Lou Reed, a massively influential songwriter and guitarist who helped shape nearly fifty years of rock music, died today. The cause of his death has not yet been released, but Reed underwent a liver transplant in May.

With the Velvet Underground in the late Sixties, Reed fused street-level urgency with elements of European avant-garde music, marrying beauty and noise, while bringing a whole new lyrical honesty to rock & roll poetry. As a restlessly inventive solo artist, from the Seventies into the 2010s, he was chameleonic, thorny and unpredictable, challenging his fans at every turn. Glam, punk and alternative rock are all unthinkable without his revelatory example. "One chord is fine," he once said, alluding to his bare-bones guitar style. "Two chords are pushing it. Three chords and you're into jazz."

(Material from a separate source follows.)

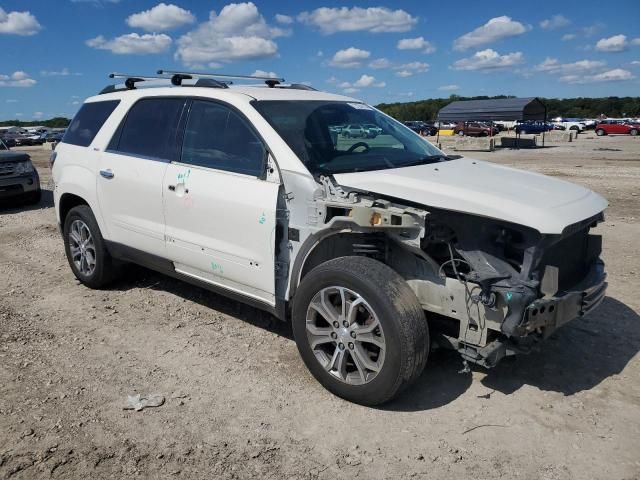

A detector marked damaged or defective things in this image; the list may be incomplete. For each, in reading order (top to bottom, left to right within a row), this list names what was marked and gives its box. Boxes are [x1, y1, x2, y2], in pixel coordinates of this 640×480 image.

severe front-end damage [292, 172, 608, 368]
crumpled hood [332, 158, 608, 234]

Lewis Allan "Lou" Reed was born in Brooklyn, in 1942. A fan of doo-wop and early rock & roll (he movingly inducted Dion into the Rock and Roll Hall of Fame in 1989), Reed also took formative inspiration during his studies at Syracuse University with the poet Delmore Schwartz. After college, he worked a staff songwriter for the novelty label Pickwick Records (where he had a minor hit in 1964 with a dance-song parody called "The Ostrich"). In the mid-Sixties, Reed befriended Welsh musician John Cale, a classically trained violist who had performed with groundbreaking minimalist composer La Monte Young. Reed and Cale formed a band called the Primitives, then changed their name to the Warlocks. After meeting guitarist Sterling Morrison and drummer Maureen Tucker, they became the Velvet Underground. With a stark sound and ominous look, the band caught the attention of Andy Warhol, who incorporated the Velvets into his Exploding Plastic Inevitable. "Andy would show his movies on us," Reed said. "We wore black so you could see the movie. But we were all wearing black anyway."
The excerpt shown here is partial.